Amid new apartments, longtime Optimist Park homeowner refuses to sell

Kevin Young
/
The 5 and 2 Project
The Joinery will be a luxury apartment complex on the corner of Brevard and 21st streets in the Optimist Park neighborhood. It is being built around a house whose owner is uninterested in selling.

Remember that Disney film "Up?"

In it, an old man refuses to sell his aging house while modern development springs up around it. It looks like it’s playing it out in real life in Charlotte’s Optimist Park neighborhood between uptown and NoDa.

For more, I’m joined by Tony Mecia of the Charlotte Ledger Business Newsletter for our segment BizWorthy.

Marshall Terry: So, what’s going on Tony? What’s being built around the house, and why is the homeowner holding out?

Tony Mecia: This involves an apartment complex that's being built at 21st Street and Brevard Street. You know, there are apartment complexes being built all over the place — this one is a little bit unusual if you drive by it, because it's built around this small house that's on less than a tenth of an acre. It was a house built in 1947 and there's a resident there that just liked the house and did not want to move.

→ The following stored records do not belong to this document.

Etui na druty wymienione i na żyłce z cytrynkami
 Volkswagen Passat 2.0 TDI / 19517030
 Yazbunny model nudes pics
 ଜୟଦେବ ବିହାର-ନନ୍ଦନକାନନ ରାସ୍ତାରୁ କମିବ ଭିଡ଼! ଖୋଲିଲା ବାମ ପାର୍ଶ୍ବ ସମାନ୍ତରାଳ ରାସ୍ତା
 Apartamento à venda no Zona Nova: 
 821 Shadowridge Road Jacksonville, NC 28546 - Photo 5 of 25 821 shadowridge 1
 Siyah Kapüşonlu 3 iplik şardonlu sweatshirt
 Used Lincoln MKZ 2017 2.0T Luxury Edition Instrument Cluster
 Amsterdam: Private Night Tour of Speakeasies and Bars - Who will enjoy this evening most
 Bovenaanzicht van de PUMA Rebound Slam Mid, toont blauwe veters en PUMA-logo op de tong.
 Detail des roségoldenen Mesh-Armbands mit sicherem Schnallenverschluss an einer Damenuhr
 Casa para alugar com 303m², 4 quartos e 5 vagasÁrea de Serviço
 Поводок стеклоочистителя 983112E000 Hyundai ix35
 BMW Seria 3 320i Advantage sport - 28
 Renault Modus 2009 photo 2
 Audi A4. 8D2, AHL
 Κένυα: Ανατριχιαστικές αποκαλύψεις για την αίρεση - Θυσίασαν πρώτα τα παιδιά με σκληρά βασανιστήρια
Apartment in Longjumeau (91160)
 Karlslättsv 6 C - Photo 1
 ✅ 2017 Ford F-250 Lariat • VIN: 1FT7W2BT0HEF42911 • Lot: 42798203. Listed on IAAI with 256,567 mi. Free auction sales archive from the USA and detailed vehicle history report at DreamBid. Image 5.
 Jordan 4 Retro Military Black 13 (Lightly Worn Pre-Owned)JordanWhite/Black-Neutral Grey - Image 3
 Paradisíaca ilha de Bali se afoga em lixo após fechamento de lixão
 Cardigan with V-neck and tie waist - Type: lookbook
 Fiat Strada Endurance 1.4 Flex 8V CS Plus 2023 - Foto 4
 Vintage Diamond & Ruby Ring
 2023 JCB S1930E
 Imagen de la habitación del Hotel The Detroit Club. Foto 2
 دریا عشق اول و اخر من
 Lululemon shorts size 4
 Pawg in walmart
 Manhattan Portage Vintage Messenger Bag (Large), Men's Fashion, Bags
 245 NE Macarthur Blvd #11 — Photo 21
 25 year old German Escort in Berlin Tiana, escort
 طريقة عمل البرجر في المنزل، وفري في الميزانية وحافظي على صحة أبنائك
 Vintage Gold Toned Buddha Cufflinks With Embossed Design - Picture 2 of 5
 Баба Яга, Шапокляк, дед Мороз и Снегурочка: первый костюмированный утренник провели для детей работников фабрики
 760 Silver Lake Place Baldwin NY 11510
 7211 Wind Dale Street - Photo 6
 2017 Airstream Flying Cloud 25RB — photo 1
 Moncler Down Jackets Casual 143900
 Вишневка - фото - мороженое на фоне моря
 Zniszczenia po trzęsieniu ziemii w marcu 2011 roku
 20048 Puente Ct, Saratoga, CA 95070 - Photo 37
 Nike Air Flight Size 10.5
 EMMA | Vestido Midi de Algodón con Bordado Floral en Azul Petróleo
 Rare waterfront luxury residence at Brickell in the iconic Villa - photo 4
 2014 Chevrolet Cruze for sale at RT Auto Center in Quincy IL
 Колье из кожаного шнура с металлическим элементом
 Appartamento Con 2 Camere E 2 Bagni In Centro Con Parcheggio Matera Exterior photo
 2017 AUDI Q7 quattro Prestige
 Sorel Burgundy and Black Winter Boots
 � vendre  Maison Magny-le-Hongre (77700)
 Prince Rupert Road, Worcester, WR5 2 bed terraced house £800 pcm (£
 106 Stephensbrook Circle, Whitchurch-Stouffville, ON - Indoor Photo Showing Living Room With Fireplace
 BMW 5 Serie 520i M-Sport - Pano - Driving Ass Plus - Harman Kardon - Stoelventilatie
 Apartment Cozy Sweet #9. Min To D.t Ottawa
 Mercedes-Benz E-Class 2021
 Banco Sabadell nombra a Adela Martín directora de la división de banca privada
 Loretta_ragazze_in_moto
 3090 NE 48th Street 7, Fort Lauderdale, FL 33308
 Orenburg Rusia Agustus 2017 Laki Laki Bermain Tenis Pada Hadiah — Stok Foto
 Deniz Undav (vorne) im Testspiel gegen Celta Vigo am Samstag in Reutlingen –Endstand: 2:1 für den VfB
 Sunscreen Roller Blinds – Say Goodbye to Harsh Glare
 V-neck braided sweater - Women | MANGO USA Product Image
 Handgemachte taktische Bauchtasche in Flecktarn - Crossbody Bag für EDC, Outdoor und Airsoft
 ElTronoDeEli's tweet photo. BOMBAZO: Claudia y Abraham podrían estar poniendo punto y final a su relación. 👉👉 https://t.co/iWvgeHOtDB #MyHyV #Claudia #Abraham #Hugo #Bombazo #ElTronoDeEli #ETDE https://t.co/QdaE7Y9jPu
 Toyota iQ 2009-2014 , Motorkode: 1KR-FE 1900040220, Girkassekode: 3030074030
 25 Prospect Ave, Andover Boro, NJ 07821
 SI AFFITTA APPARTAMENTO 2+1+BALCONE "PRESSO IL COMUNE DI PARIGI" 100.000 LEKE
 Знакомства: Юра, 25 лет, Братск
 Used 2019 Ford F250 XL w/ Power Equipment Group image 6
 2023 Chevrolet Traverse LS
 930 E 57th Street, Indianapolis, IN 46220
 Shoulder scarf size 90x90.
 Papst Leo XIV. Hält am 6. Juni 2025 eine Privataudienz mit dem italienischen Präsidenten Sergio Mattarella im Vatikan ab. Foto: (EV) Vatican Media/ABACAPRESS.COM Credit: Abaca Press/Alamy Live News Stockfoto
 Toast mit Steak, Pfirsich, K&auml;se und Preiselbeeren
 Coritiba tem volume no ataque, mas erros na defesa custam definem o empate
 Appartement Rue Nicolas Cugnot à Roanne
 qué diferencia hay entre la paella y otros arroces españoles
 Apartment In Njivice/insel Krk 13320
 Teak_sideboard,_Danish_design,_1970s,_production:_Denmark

So that resident didn't sell to the developer, but the developer went ahead anyway — and now has a couple of seven-story apartment buildings right behind that lot. And there's another big apartment complex across the street. The house is kind of boxed in on a couple of sides. It's worth $283,000, the county says it's four times what it was worth just a few years ago. So, you certainly see property values going up there, as well as a lot of other places in Charlotte.

Terry: This sounds like the Thirsty Beaver situation over in Plaza Midwood.

Mecia: Well, it is drawing a lot of comparisons to that. I talked with the developer Space Craft as well as the construction company Swinerton. They've tried to do what they can to work with the homeowner and they say they have a very collegial relationship. They drop off food at the house. They try to be good neighbors. The Thirsty Beaver situation over in Plaza Midwood was a little bit more contentious. The owners there, that dive bar, you know, had had kind of said, ‘Look, they're trying to push us out. We're not getting pushed out.’ But over here in Optimist Park, it's a little bit more friendly, it sounds like.

Terry: Well sticking with the topic of apartment complexes, the Ledger had an article this week looking at how the apartment gym is changing, and you liken it to a fitness arms race, right?

Mecia: Yes, apartment gyms are going really upscale. A lot of these apartment complexes are upscale and have amenities that you wouldn't have thought of just years ago. We talked to one specialist in apartment complex gyms who said it used to be, she would get a budget of $50,000 to do a gym and now it's more like $100,000, $120,000. They're getting tricked out with all kinds of things — high-tech bikes, yoga rooms, stretching cages and even high-tech smart mirrors so that people can take selfies of themselves as they work out and post them on Instagram. Because what good is working out if you can't tell all your friends about it on social media?

Terry: What’s the bigger context here when it comes to apartments trying to get tenants with a lot of apartments being built and rents in some hot areas staying steady or even going down?

Mecia: Yeah, there's a lot of competition among apartment complexes, especially new luxury apartment complexes, to try to get some of these people in the door. They're doing all kinds of things. I think they're trying to, maybe sort of, one-up each other. So I think it really is part of the competition and trying to get residents in and make it a full experience. That an apartment complex isn't just a place where you sleep but, you know, you have a life, you work out, you get a coffee, you relax at the rooftop pool or what have you.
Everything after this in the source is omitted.